The Auctioneer is a blend of suspense and, I guess, horror. I checked my copy out from the library.
Review:
I can't remember how this book made it onto my radar. Maybe some sort of "small-town horror" list? Anyway, this is focused on the Moore family, made up of John, his wife Mim, their four-year-old daughter Hildie, and John's elderly mother. The Moores get by okay, doing work for others in the town of Harlowe and occasionally selling some butter and crops, but they're not wealthy by any means. Even so, when the police chief stops by to tell them that an auctioneer has moved into town, and would they like to donate something to an auction he's planning in order to pay for more deputies for Harlowe, they find a few things to donate.
The problem is that it doesn't just stop with that one request, and as Harlowe gets more deputies, the requests feel more and more like demands.

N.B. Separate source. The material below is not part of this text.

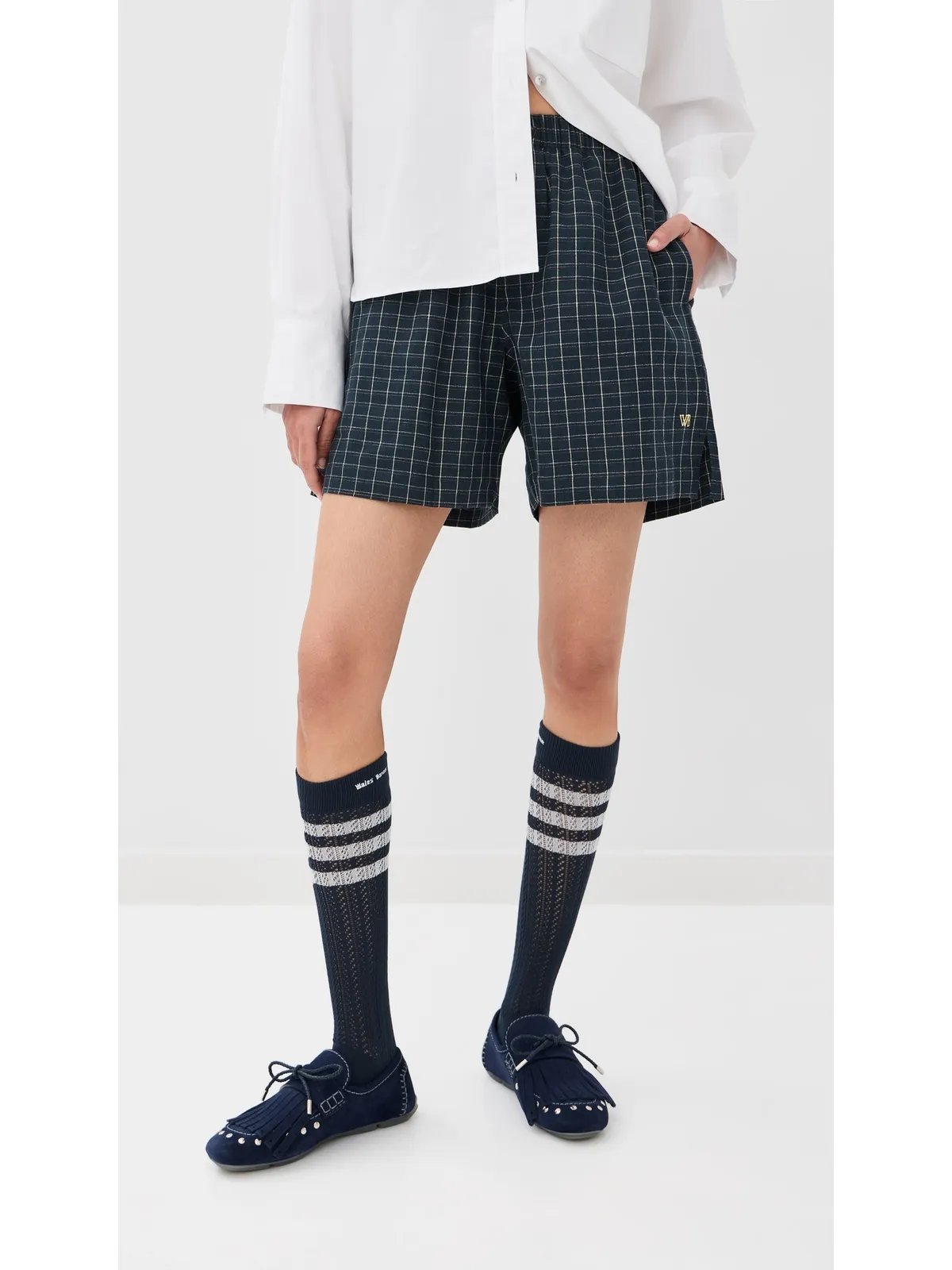 Wales Bonner Sunday Shorts - 画像3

Perly, the auctioneer, is all smiles and charm, but it seems like an awful lot of "accidents" have been happening to those who don't donate.

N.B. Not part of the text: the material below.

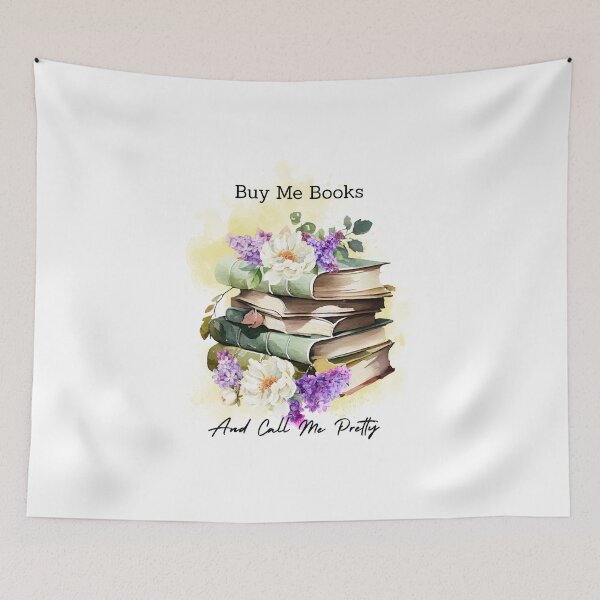 Item preview, Buy me Books and call me pretty designed and sold by lchantellstudio.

A large chunk of this book is John and Mim worrying about the next week's request to donate and fighting about how far they're willing and able to let this go. Initially, they have enough junk that's broken or that they don't regularly use that it's easy for them to find stuff to give. And there's an element of peer pressure in it as well - it's to help Harlowe, so sure, why not donate a few old wheels or whatever?
As things progress, however, the Moores are faced with donating things they actually still treasure, and then things they still use. Peer pressure was part of the issue, but I got the impression that Mim was also kind of dazzled and flattered by Perly's attention, at the start. (Unless I misinterpreted things, it sure seemed like John was ragingly jealous.) When the flattery stopped working, word about the "accidents" started getting around.

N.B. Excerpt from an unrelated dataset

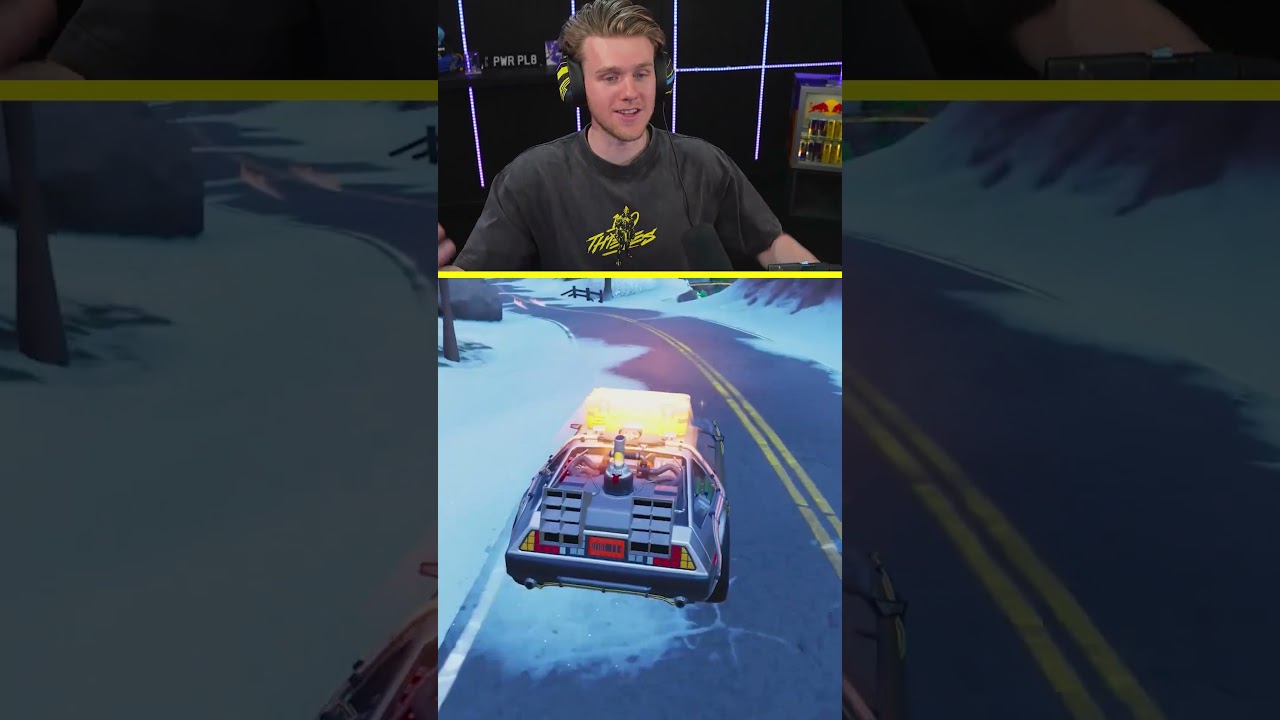 The DeLorean is in Fortnite!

I could sort of see why people kept caving to the requests, especially since Perly, through the deputies, was careful to target Harlowe's less wealthy and powerful residents and to ensure that the more powerful residents benefited enough from the auctions to be willing to look the other way when things began to get more tense. A few people ended up leaving Harlowe, but that required them to have enough money to go somewhere else, and people like Moore saw their primary wealth as being the land they lived on.
Still, this ended up going much further than I could accept. I think the first "donation" that broke my sense of disbelief was when John was asked to put his gun up for auction. He was angry about it, but he did end up caving...and then grumbled about it later because he no longer had a way to protect his land, family, and stuff.
I don't know where Samson stood politically, but the way things worked out in this book reminded me an awful lot of the people who cry about "liberals/government/whatever coming to take their guns," with Perly swooping in and literally taking guns, promising that good things would come from the auction money (greater safety with more deputies! an ambulance!) when the opposite was actually the case. It just didn't play out in a way that was at all believable, especially considering how far Samson took it.
My other issue with this book is that I approached it as horror because I'd heard that it was horror, but it didn't read as creepy or scary at all.